◆ Data segment
● ● ● ● ● ● ●

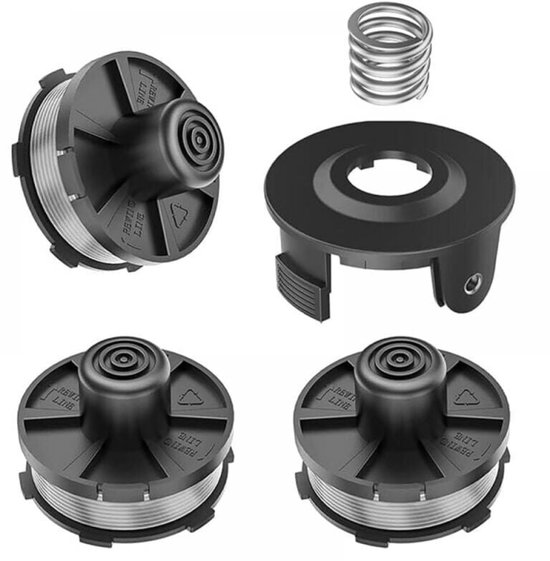 4 stuks spoel + 1 afdekkap + 1 veer, draadspoelen voor grastrimmer - draadspoelen voor grastrimmer - geschikt voor Makita DUR181, DUR181Z, DUR181RF 195858-1/196146-9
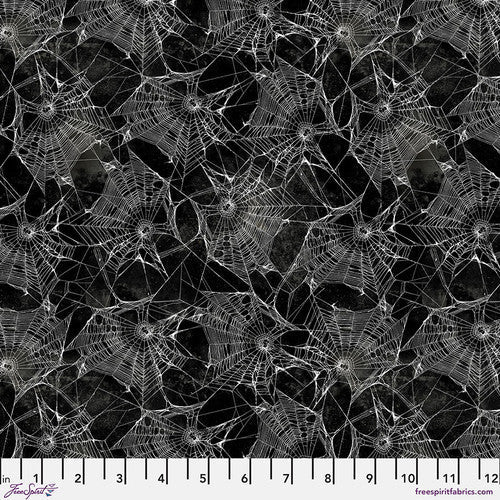 Eclectic Elements Seasonal Palette Halloween Entangled Black Tim Holtz Free Spirit Cotton Fabric FS-PWTH332.HALLOWEEN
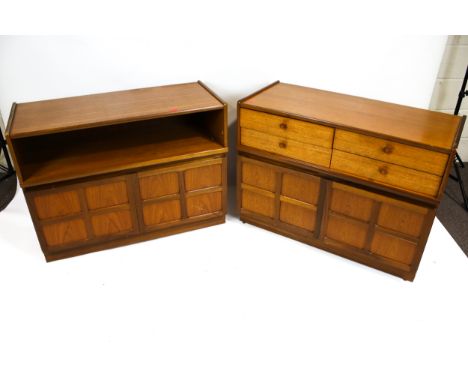 Vintage Retro / mid-century : Nathan Furniture two teak cupboards. Both with two paneled doors, one with an open shelf and th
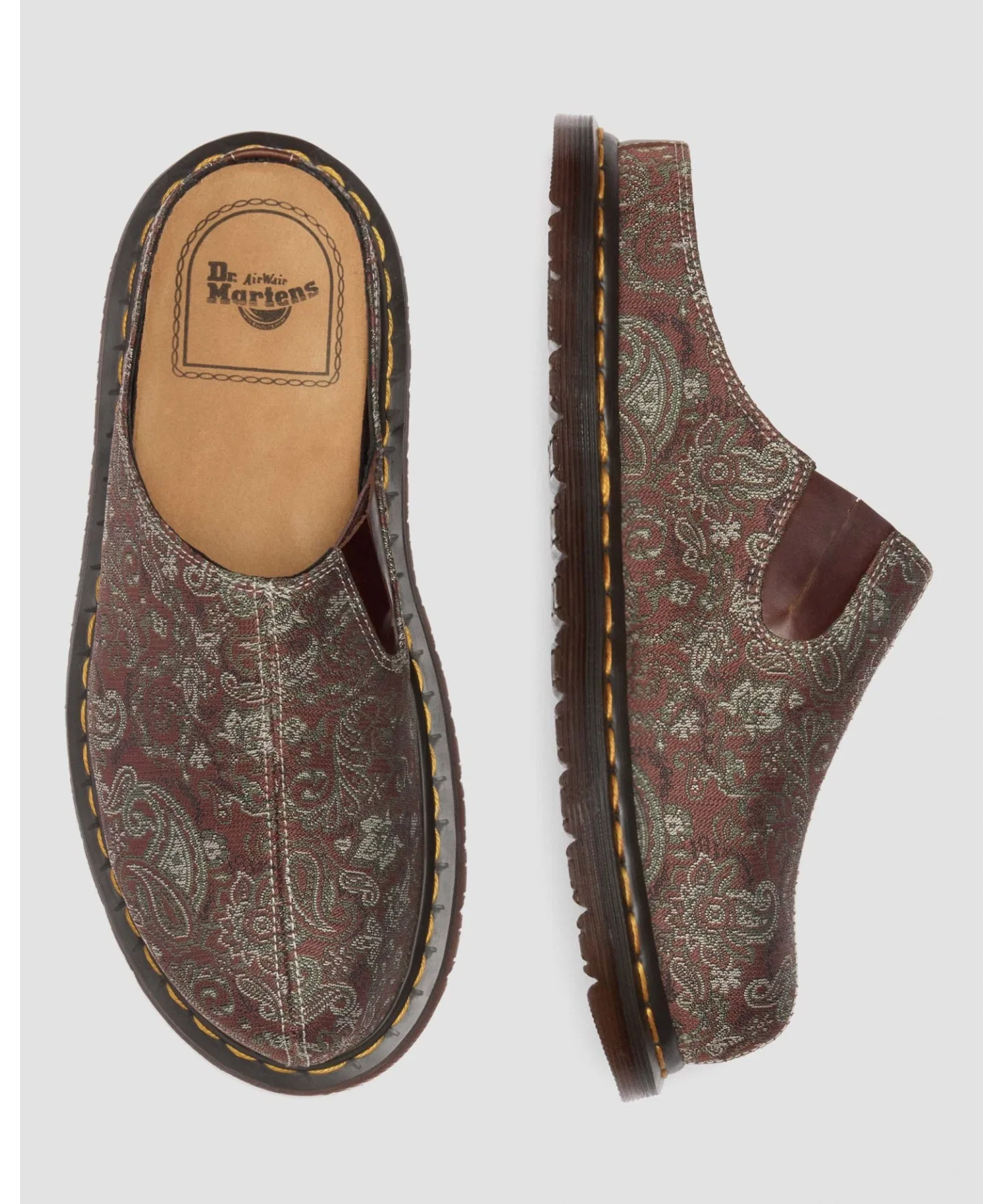 Унисекс мюли Dr. Martens SAN из жаккарда с узором пейсли мультиколор — фото 2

● ● ● ● ● ● ●

◆ What is being asked
In the data above, the line containing "Vintage Retro /" and all lines after it are to be reproduced exactly, leaving out the pictures.

◆ Output of the exercise
 Vintage Retro / mid-century : Nathan Furniture two teak cupboards. Both with two paneled doors, one with an open shelf and th
 Унисекс мюли Dr. Martens SAN из жаккарда с узором пейсли мультиколор — фото 2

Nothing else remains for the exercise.